### To do
From the line with "DIGITECH Bass WHAMMY ベース用ピッチシフター(デジテックの" to the last line of the material, both inclusive, transcribe every line exactly and nothing else.

### Raw data
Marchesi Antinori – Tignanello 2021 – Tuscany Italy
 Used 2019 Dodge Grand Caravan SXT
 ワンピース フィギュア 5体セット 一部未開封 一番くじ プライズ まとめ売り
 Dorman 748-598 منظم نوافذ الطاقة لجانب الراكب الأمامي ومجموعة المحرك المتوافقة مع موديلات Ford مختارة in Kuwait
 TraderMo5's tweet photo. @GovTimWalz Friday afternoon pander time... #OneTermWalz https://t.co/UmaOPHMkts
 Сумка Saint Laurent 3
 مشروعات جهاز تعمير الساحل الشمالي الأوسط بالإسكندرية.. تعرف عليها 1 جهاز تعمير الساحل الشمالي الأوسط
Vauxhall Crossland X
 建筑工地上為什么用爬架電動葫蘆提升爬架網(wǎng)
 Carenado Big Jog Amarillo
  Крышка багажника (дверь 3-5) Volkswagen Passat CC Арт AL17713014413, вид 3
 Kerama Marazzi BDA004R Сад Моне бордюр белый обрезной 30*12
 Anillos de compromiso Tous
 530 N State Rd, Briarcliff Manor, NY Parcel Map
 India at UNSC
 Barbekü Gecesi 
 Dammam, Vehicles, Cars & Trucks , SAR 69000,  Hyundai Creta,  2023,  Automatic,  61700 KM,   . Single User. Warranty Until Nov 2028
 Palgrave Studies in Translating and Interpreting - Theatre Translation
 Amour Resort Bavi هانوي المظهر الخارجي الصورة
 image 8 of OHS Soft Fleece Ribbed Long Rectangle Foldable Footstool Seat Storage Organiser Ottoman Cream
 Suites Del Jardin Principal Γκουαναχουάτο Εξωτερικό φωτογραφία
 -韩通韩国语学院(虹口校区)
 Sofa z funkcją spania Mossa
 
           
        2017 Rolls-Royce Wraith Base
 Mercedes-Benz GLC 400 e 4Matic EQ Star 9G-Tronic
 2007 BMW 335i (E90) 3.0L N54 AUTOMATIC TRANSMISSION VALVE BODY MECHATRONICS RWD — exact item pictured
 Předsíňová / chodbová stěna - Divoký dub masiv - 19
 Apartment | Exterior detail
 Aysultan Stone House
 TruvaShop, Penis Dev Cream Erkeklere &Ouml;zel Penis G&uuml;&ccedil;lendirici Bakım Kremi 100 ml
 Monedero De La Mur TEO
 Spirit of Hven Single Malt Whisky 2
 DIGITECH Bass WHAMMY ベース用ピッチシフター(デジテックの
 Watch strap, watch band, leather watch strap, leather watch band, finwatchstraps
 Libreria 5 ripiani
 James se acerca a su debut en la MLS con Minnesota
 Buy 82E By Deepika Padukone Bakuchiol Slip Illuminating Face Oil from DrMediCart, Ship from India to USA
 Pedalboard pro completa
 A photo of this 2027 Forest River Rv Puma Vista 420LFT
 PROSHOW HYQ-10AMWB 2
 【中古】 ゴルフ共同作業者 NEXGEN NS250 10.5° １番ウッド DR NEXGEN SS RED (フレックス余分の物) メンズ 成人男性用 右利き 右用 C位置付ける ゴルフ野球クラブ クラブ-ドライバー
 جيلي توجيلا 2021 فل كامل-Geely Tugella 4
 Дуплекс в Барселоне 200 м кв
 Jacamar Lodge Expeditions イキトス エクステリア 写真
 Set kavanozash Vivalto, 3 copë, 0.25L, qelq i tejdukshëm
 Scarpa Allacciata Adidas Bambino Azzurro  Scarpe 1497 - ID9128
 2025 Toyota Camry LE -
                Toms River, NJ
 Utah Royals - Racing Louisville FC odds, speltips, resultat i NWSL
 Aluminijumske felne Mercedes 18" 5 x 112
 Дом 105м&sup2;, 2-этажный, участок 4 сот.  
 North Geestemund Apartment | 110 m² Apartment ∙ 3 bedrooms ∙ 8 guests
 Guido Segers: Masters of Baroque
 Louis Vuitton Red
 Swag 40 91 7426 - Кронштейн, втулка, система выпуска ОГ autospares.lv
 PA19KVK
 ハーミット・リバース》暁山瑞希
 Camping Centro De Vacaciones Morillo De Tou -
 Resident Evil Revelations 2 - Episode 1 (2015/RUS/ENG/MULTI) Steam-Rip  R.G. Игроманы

### Result
 DIGITECH Bass WHAMMY ベース用ピッチシフター(デジテックの
 Watch strap, watch band, leather watch strap, leather watch band, finwatchstraps
 Libreria 5 ripiani
 James se acerca a su debut en la MLS con Minnesota
 Buy 82E By Deepika Padukone Bakuchiol Slip Illuminating Face Oil from DrMediCart, Ship from India to USA
 Pedalboard pro completa
 A photo of this 2027 Forest River Rv Puma Vista 420LFT
 PROSHOW HYQ-10AMWB 2
 【中古】 ゴルフ共同作業者 NEXGEN NS250 10.5° １番ウッド DR NEXGEN SS RED (フレックス余分の物) メンズ 成人男性用 右利き 右用 C位置付ける ゴルフ野球クラブ クラブ-ドライバー
 جيلي توجيلا 2021 فل كامل-Geely Tugella 4
 Дуплекс в Барселоне 200 м кв
 Jacamar Lodge Expeditions イキトス エクステリア 写真
 Set kavanozash Vivalto, 3 copë, 0.25L, qelq i tejdukshëm
 Scarpa Allacciata Adidas Bambino Azzurro  Scarpe 1497 - ID9128
 2025 Toyota Camry LE -
                Toms River, NJ
 Utah Royals - Racing Louisville FC odds, speltips, resultat i NWSL
 Aluminijumske felne Mercedes 18" 5 x 112
 Дом 105м&sup2;, 2-этажный, участок 4 сот.  
 North Geestemund Apartment | 110 m² Apartment ∙ 3 bedrooms ∙ 8 guests
 Guido Segers: Masters of Baroque
 Louis Vuitton Red
 Swag 40 91 7426 - Кронштейн, втулка, система выпуска ОГ autospares.lv
 PA19KVK
 ハーミット・リバース》暁山瑞希
 Camping Centro De Vacaciones Morillo De Tou -
 Resident Evil Revelations 2 - Episode 1 (2015/RUS/ENG/MULTI) Steam-Rip  R.G. Игроманы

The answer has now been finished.